■ **Activity**
Where a picture occurs in the data, omit it, and copy all remaining data exactly.

■ **Supplied information**
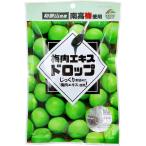  слива мясо экстракт Drop 47g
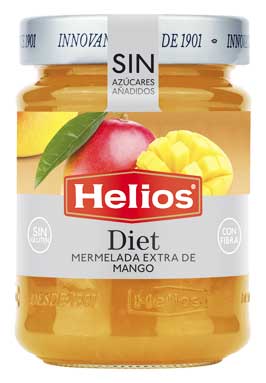  Helios    / 280    .   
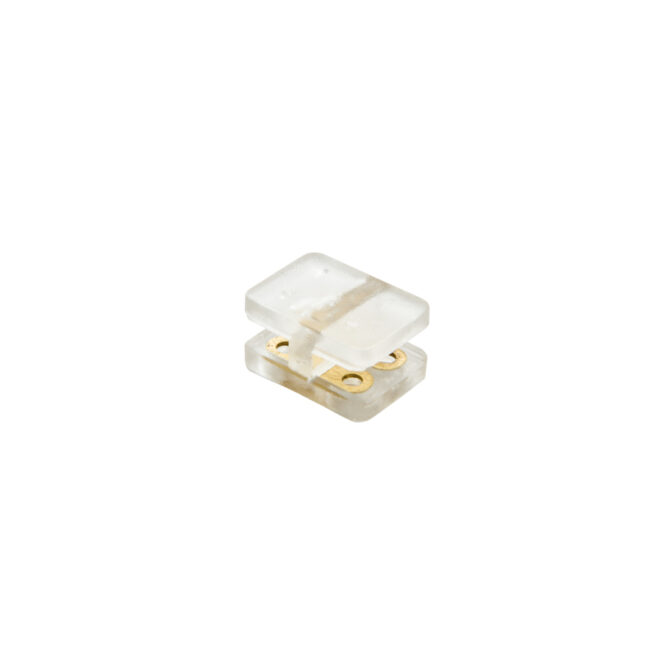 GSLC010 stripled-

■ **Output below**
  слива мясо экстракт Drop 47g
  Helios    / 280    .   
 GSLC010 stripled-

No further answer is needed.